P is an element generally contained as an impurity, and if it exceeds 0.04%, embrittlement of the welded portion becomes remarkable. Therefore, the content of P is 0.04% or less. The lower limit value of the P content is not particularly defined, but it is economically disadvantageous to set it to less than 0.0001%. Therefore, the P content is preferably 0.0001% or more.

(S: 0.01% or less)

S is an element generally contained as an impurity and adversely affects weldability, casting and hot-rolled productivity. Therefore, the S content should be 0.01% or less.
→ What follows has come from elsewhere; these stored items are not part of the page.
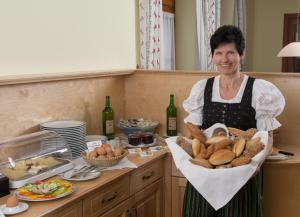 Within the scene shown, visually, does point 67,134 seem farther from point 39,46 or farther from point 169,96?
point 169,96

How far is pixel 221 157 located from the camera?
1.65m

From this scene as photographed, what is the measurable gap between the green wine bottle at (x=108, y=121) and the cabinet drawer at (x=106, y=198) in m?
0.62

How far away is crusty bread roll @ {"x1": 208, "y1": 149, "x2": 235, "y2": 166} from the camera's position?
5.37 feet

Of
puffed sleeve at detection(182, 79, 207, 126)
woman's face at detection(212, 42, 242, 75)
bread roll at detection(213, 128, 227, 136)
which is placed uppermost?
woman's face at detection(212, 42, 242, 75)

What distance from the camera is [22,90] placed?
2.02 metres

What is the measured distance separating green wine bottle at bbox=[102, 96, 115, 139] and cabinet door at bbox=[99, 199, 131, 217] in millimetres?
641

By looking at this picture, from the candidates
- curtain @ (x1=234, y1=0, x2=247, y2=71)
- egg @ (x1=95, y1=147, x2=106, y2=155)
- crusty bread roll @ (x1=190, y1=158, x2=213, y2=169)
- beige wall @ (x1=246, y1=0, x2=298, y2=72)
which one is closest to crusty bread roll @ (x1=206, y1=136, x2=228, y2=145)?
crusty bread roll @ (x1=190, y1=158, x2=213, y2=169)

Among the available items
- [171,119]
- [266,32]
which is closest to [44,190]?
[171,119]

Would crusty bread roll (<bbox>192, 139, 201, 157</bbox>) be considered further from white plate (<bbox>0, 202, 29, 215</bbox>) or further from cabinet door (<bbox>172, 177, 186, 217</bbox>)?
white plate (<bbox>0, 202, 29, 215</bbox>)

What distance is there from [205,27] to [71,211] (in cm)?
294

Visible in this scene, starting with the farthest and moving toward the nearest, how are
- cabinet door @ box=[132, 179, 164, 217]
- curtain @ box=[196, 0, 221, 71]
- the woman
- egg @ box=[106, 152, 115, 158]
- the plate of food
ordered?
curtain @ box=[196, 0, 221, 71], cabinet door @ box=[132, 179, 164, 217], egg @ box=[106, 152, 115, 158], the woman, the plate of food

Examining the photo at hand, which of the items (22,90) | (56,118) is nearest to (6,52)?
(22,90)

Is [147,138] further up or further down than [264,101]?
further down

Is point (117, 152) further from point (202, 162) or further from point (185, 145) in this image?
point (202, 162) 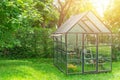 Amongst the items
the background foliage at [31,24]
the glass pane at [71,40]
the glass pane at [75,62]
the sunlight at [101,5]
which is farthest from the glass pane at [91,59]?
the sunlight at [101,5]

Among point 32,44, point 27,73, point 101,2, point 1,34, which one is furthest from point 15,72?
point 101,2

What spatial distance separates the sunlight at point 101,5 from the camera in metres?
24.9

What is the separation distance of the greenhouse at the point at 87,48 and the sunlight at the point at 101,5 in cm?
1229

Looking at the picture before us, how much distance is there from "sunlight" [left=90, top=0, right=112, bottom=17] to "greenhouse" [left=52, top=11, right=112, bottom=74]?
1229 centimetres

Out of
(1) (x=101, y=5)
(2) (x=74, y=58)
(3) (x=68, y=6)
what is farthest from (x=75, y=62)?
(1) (x=101, y=5)

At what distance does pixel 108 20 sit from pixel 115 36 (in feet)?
28.8

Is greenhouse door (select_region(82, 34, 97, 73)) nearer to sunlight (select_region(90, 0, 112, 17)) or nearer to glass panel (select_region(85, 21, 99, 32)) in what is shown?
glass panel (select_region(85, 21, 99, 32))

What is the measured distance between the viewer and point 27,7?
13.3 meters

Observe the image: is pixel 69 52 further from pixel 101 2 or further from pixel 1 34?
pixel 101 2

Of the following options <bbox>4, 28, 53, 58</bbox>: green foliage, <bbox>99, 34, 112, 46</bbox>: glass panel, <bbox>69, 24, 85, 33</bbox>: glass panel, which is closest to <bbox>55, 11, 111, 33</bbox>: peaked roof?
<bbox>69, 24, 85, 33</bbox>: glass panel

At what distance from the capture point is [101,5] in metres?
26.8

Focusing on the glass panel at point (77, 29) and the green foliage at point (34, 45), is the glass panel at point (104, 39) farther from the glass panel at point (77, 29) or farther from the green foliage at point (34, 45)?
the green foliage at point (34, 45)

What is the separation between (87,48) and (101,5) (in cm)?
1568

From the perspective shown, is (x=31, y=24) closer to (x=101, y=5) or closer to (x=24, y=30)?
(x=24, y=30)
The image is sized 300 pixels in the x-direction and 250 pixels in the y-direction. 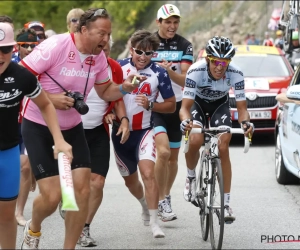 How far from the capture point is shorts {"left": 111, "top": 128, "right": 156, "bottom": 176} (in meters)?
8.61

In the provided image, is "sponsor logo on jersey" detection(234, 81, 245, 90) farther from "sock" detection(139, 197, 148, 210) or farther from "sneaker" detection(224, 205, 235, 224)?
"sock" detection(139, 197, 148, 210)

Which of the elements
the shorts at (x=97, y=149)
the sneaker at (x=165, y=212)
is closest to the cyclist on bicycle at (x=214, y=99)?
the sneaker at (x=165, y=212)

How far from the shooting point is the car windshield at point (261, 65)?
58.3ft

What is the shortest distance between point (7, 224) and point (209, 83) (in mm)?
2867

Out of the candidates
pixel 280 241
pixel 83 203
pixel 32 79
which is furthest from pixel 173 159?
pixel 32 79

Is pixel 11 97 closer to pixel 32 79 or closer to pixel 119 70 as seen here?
pixel 32 79

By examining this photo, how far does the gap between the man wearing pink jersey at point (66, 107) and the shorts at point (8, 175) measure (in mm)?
390

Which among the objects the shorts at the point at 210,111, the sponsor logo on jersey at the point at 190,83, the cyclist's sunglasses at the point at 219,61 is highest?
the cyclist's sunglasses at the point at 219,61

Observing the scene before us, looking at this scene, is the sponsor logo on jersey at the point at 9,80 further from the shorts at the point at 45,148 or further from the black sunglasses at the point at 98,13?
the black sunglasses at the point at 98,13

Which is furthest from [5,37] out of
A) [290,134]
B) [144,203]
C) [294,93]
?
[290,134]

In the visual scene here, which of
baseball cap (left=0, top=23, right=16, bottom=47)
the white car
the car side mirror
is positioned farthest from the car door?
baseball cap (left=0, top=23, right=16, bottom=47)

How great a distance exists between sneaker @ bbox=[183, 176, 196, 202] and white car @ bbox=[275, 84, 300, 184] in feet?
4.79

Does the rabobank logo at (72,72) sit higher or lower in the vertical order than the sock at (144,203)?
higher

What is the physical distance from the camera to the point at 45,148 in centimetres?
704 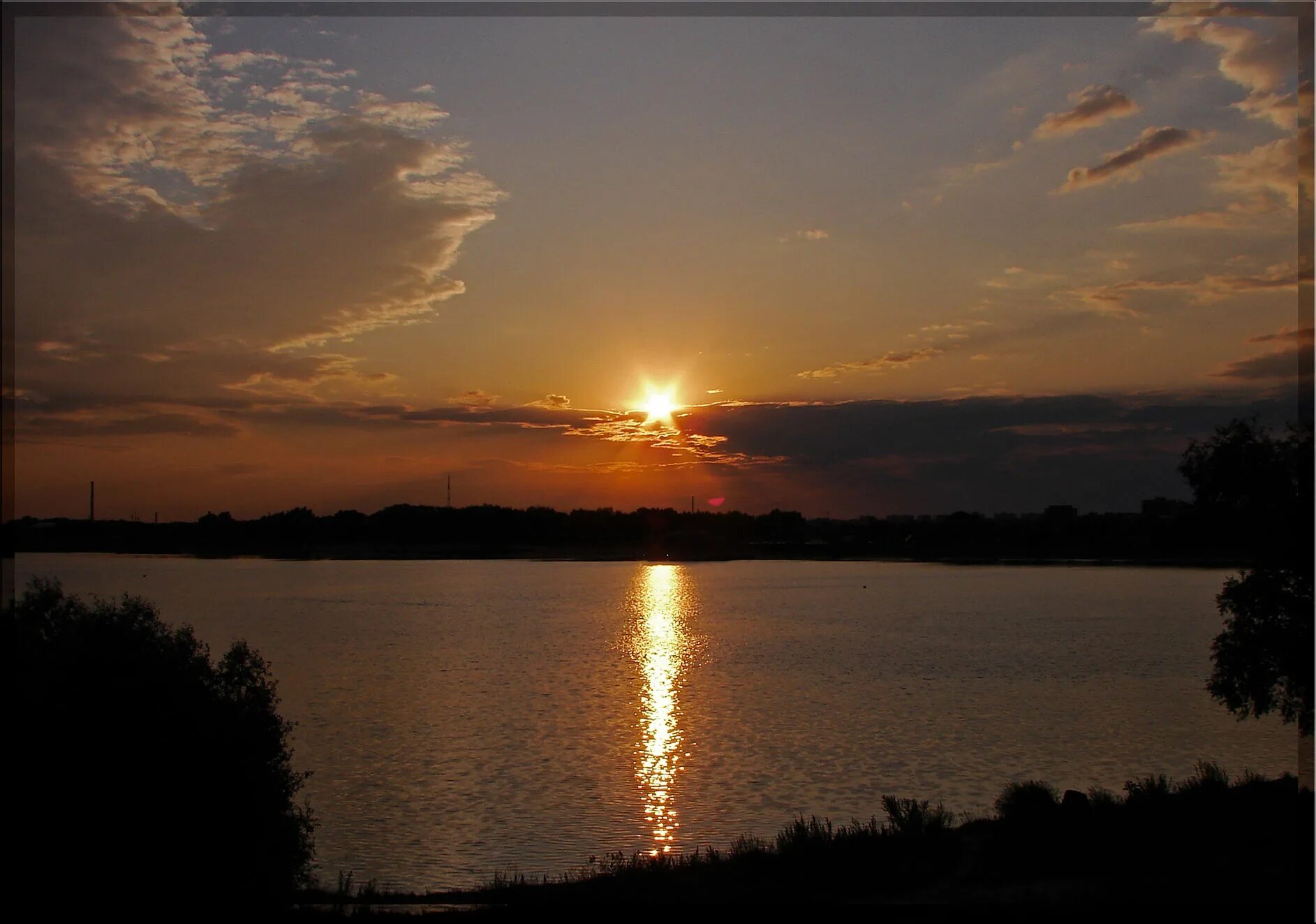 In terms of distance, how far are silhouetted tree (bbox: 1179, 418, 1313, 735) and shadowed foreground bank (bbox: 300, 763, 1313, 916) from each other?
329cm

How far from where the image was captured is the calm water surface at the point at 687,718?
30781 mm

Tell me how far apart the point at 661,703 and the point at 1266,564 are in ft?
108

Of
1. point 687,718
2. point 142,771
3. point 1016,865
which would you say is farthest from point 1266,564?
point 687,718

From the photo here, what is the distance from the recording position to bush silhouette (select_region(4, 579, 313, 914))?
19.9 meters

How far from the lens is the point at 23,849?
19.4 metres

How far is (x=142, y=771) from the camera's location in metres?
21.2

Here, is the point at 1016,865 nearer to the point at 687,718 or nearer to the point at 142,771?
the point at 142,771

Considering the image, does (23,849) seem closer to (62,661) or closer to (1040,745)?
(62,661)

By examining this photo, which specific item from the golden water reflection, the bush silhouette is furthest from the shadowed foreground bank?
the golden water reflection

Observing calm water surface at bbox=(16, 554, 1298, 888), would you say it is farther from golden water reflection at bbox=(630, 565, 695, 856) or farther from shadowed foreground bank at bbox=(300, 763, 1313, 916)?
shadowed foreground bank at bbox=(300, 763, 1313, 916)

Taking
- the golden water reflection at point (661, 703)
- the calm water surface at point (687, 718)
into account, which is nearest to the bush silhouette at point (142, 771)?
the calm water surface at point (687, 718)

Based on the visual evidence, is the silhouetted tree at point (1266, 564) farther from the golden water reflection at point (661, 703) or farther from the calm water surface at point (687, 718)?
the golden water reflection at point (661, 703)

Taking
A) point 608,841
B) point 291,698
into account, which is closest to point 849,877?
point 608,841

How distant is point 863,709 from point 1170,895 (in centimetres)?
3541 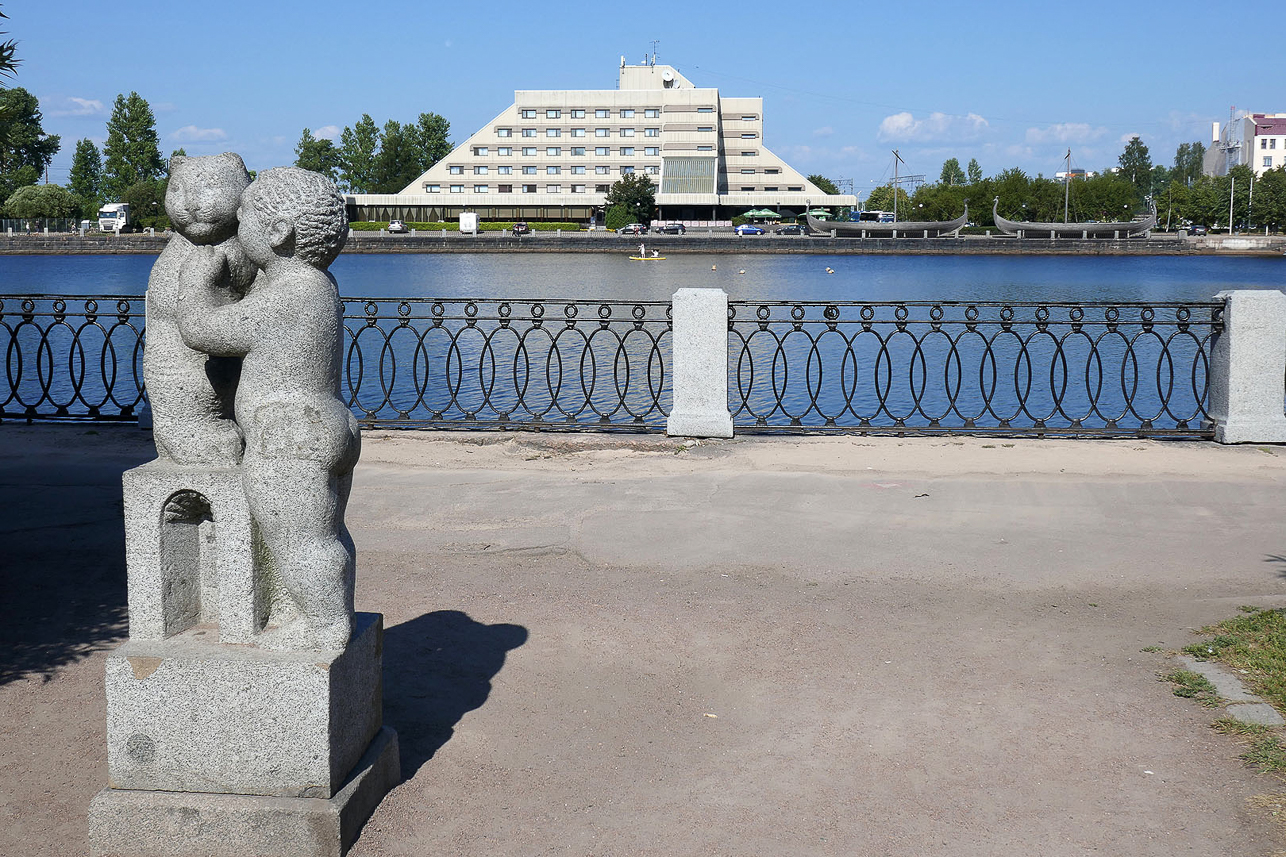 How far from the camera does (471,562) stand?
23.0 feet

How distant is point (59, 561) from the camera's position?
269 inches

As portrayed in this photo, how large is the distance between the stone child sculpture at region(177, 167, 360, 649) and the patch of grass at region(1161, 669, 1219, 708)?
11.8ft

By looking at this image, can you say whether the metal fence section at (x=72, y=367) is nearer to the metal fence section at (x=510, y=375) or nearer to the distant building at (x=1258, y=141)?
the metal fence section at (x=510, y=375)

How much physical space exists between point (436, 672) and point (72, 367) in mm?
9948

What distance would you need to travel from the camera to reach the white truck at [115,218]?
104 meters

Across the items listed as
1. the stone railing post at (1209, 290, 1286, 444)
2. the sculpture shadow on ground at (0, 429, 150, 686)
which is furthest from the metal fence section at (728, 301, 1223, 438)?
the sculpture shadow on ground at (0, 429, 150, 686)

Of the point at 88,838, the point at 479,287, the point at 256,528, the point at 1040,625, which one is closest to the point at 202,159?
the point at 256,528

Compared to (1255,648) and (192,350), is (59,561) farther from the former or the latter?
(1255,648)

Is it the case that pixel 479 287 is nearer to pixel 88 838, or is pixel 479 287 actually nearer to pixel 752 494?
pixel 752 494

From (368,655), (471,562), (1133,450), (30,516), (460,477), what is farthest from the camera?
(1133,450)

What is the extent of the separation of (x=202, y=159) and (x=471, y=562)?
3.68m

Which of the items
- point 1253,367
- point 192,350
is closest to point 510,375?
point 1253,367

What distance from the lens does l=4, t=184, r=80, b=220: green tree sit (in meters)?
101

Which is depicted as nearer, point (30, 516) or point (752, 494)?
point (30, 516)
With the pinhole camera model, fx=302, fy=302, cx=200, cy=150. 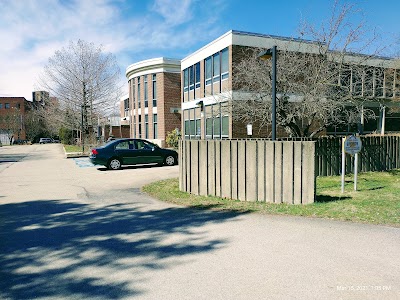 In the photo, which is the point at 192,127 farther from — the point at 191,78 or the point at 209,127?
the point at 191,78

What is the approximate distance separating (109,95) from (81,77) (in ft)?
9.68

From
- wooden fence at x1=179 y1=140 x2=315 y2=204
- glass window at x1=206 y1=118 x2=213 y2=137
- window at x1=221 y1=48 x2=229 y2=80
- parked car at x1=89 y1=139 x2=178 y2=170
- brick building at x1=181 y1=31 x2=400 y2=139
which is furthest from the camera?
glass window at x1=206 y1=118 x2=213 y2=137

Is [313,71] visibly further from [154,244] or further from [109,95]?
[109,95]

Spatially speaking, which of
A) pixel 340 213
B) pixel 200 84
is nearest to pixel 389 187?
pixel 340 213

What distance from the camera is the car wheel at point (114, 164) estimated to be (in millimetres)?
14191

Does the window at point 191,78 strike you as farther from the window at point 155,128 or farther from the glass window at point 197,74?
the window at point 155,128

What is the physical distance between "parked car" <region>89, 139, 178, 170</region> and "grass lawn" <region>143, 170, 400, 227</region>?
16.5ft

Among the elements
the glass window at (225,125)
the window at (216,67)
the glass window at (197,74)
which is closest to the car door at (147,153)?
the glass window at (225,125)

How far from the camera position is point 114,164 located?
1427 centimetres

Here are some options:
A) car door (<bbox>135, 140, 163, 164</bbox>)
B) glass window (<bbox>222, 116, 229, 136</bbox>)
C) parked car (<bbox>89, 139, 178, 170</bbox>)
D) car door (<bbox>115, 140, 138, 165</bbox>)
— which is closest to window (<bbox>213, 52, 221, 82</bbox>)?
glass window (<bbox>222, 116, 229, 136</bbox>)

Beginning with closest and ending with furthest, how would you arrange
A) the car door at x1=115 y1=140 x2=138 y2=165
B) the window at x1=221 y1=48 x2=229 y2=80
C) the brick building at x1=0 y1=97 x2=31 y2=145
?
1. the car door at x1=115 y1=140 x2=138 y2=165
2. the window at x1=221 y1=48 x2=229 y2=80
3. the brick building at x1=0 y1=97 x2=31 y2=145

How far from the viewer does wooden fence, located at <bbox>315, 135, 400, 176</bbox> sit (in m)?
11.4

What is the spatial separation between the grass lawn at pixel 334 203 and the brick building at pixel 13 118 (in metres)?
69.7

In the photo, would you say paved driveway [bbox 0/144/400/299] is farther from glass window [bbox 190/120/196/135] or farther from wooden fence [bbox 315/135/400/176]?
glass window [bbox 190/120/196/135] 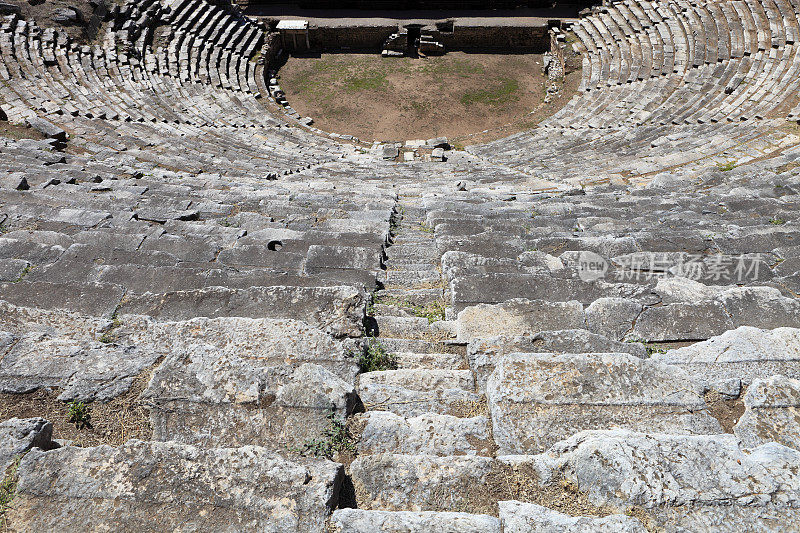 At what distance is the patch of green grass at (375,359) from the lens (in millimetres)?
2539

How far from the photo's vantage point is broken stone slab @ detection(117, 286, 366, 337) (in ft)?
9.17

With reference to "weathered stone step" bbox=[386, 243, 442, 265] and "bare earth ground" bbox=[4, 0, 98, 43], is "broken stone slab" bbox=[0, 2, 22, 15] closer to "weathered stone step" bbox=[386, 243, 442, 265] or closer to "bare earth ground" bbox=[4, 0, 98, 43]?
"bare earth ground" bbox=[4, 0, 98, 43]

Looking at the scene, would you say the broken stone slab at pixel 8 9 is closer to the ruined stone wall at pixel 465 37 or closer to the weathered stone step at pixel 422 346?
the ruined stone wall at pixel 465 37

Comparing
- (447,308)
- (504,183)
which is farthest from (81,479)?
(504,183)

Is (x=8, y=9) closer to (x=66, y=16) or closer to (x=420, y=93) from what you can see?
(x=66, y=16)

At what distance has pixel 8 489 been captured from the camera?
164 cm

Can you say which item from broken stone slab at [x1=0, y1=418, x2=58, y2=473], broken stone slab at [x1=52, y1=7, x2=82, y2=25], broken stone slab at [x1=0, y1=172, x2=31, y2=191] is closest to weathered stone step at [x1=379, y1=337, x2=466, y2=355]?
broken stone slab at [x1=0, y1=418, x2=58, y2=473]

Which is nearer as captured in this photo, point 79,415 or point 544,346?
point 79,415

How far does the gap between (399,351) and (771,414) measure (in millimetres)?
1792

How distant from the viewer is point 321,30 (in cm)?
2009

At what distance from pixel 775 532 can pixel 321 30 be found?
22.1m

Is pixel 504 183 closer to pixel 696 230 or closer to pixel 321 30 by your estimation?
pixel 696 230

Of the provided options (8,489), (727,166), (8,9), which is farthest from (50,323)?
(8,9)

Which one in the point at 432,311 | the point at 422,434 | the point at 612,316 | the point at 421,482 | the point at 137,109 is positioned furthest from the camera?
the point at 137,109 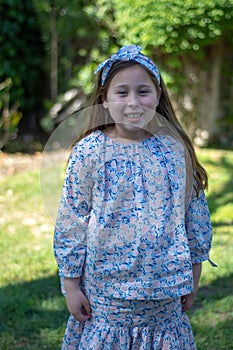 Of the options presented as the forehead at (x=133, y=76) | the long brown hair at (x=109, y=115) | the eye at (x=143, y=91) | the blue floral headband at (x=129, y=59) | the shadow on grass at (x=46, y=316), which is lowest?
the shadow on grass at (x=46, y=316)

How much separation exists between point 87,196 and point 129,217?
0.52 ft

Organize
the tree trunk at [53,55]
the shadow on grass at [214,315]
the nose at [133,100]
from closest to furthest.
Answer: the nose at [133,100], the shadow on grass at [214,315], the tree trunk at [53,55]

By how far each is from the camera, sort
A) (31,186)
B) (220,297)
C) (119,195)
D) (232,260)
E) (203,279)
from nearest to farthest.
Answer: (119,195), (220,297), (203,279), (232,260), (31,186)

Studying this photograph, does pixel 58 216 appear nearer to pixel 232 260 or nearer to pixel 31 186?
pixel 232 260

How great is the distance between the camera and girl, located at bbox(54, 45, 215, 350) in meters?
1.93

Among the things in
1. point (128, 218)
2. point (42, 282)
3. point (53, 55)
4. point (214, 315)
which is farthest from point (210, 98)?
point (128, 218)

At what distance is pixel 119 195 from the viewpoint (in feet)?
6.29

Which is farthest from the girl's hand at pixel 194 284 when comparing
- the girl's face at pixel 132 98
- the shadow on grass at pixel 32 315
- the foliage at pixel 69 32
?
the foliage at pixel 69 32

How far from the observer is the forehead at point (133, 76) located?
195 centimetres

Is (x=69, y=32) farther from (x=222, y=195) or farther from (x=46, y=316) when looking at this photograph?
(x=46, y=316)

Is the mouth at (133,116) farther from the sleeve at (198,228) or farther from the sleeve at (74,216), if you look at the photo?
the sleeve at (198,228)

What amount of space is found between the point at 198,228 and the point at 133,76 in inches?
22.0

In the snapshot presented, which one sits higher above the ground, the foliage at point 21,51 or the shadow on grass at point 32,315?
the foliage at point 21,51

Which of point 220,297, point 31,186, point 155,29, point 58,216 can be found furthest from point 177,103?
point 58,216
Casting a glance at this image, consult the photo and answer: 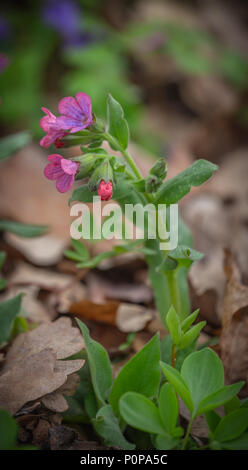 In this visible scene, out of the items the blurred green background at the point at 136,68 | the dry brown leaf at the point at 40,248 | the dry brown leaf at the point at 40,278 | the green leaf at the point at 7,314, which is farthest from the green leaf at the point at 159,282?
the blurred green background at the point at 136,68

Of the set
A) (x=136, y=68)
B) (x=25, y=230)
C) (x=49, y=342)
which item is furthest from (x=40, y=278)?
(x=136, y=68)

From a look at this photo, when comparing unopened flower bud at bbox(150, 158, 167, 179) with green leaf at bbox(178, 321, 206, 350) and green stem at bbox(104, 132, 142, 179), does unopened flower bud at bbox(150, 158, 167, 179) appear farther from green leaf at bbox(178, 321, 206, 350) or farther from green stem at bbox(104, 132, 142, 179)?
green leaf at bbox(178, 321, 206, 350)

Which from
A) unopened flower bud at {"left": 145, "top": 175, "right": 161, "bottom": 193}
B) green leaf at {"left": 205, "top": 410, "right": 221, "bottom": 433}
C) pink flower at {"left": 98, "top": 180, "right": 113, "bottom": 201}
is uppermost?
unopened flower bud at {"left": 145, "top": 175, "right": 161, "bottom": 193}

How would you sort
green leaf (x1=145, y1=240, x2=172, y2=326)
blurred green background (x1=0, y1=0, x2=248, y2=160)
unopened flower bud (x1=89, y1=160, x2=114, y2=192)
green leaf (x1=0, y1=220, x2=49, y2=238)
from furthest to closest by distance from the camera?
blurred green background (x1=0, y1=0, x2=248, y2=160) → green leaf (x1=0, y1=220, x2=49, y2=238) → green leaf (x1=145, y1=240, x2=172, y2=326) → unopened flower bud (x1=89, y1=160, x2=114, y2=192)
In addition, if S is excessively contained, coarse MnS is formed to lower the hole expandability. Therefore, in order to improve hole expandability, it is preferable to reduce the S content. The lower limit value of the S content is not specifically defined, but it is economically disadvantageous to set it to less than 0.0001%. Therefore, the S content is preferably 0.0001% or more.

(N: 0.01% or less)

N is an element generally contained as an impurity, and when the N content exceeds 0.01%, a coarse nitride is formed to deteriorate bendability and hole expandability. Therefore, the N content should be 0.01% or less. Further, if the content of N is increased, it is preferable to reduce the content in view of causing blowholes at the time of welding. The lower limit of the N content is preferably as small as possible and is not specifically defined, but the manufacturing cost is increased in order to make the N content less than 0.0005%. Therefore, the N content is preferably 0.0005% or more.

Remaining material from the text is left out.